Na chácara do lado, seu compadre Geraldino apareceu.
– Bom dia, compadre Justino, tudo bem? Cheguei de
viagem, fiquei sabendo da sua perda, a comadre não aguentou o
tratamento na Capital.
– Pois é, meu amigo, já tem alguns dias isto. Esta doença não
dá trégua para ninguém, levou minha Socorro para os braços do
Pai - tentou justificar.
Todos na região sabem que, sem mulher para tocar a
chacrinha, fica mais difícil.
– Geraldino, a saudade é grande, mas vou continuar com
minha vidinha aqui, é só o que tenho.
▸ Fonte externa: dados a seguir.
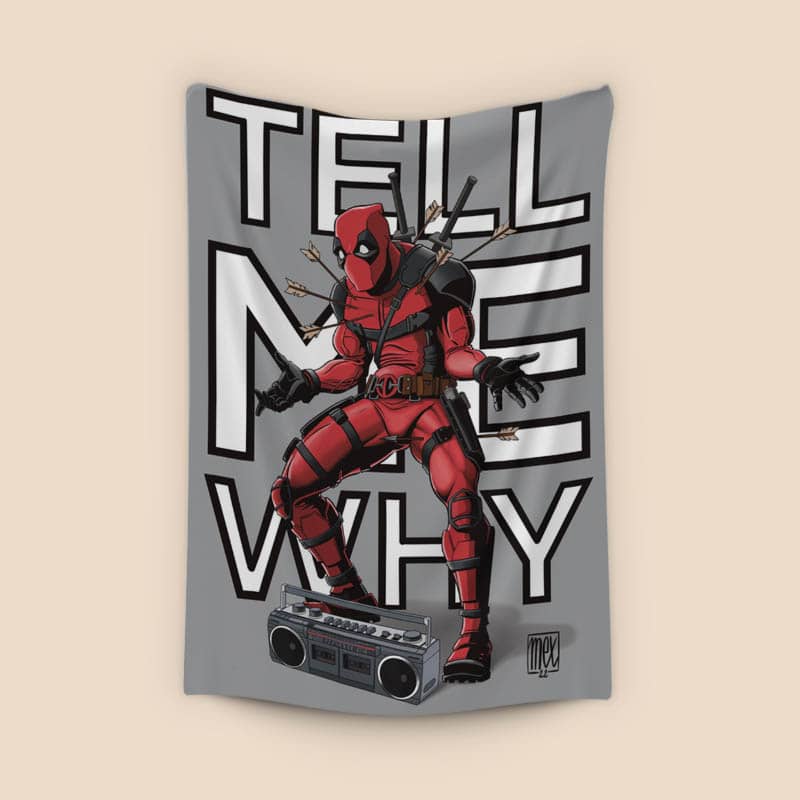 Deadpool preview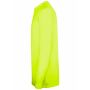 BS Evolution long sleeve t-shirt, 160 gr/m² - Safety Yellow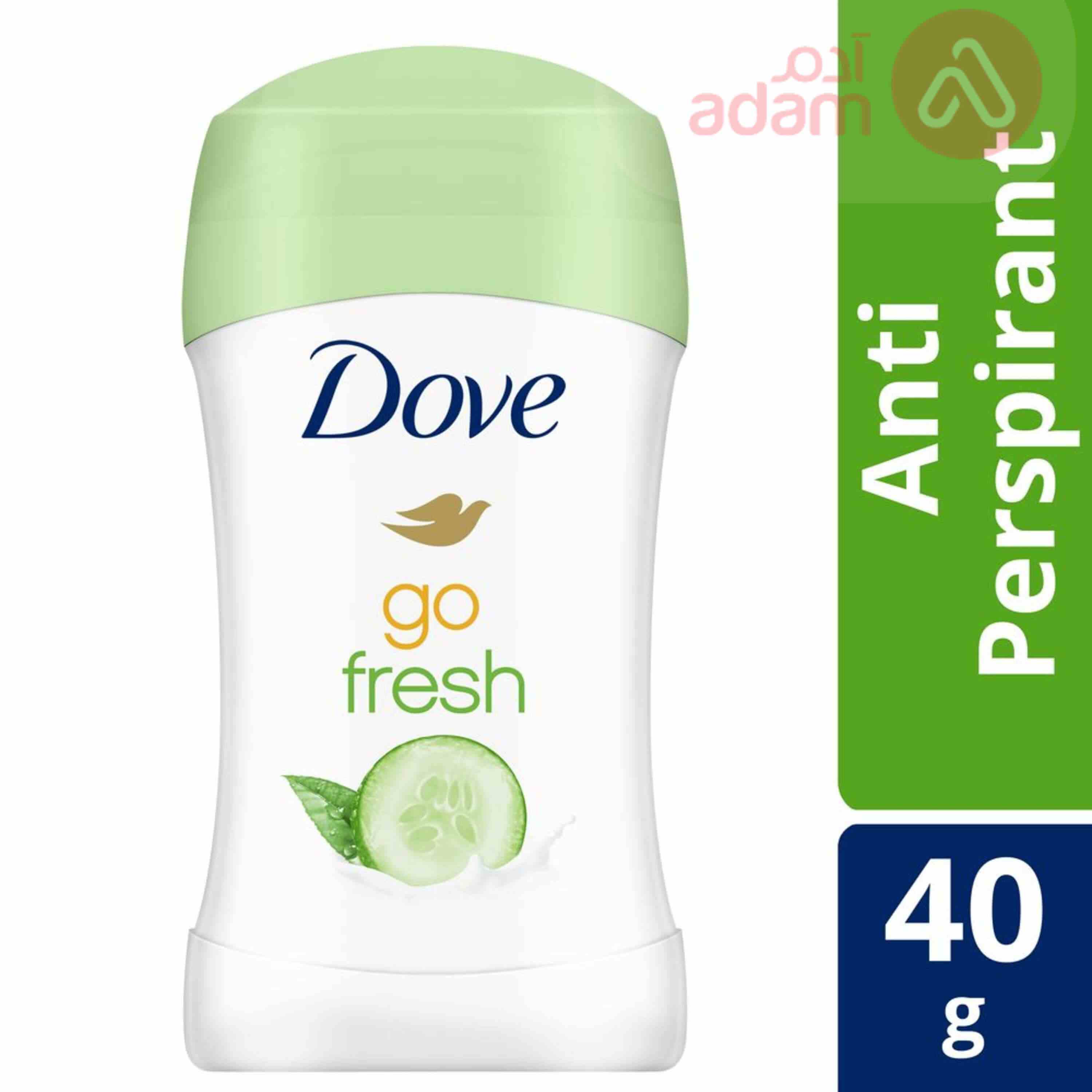 Dove Deo Stickgo Fresh | 40G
Todos os filhos estão
espalhados neste mundão de Deus.
– Eu te entendo amigo. Você lembra quando a minha
Das Dores caiu doente por uns dias? Também tive que dar
conta da casa, plantação e da criação sozinho. Os filhos
crescem e cada um toma um rumo, não querem mais saber
de ficar na roça.
– Verdade compadre, a vida é assim, cada um escolhe um
caminho. Eu não sei fazer outra coisa no mundo, por isto quero
ficar aqui até que Deus me chame.
– Mudando de prosa, eu vou até a venda do Tião comprar
umas coisas para a casa, quer fazer companhia?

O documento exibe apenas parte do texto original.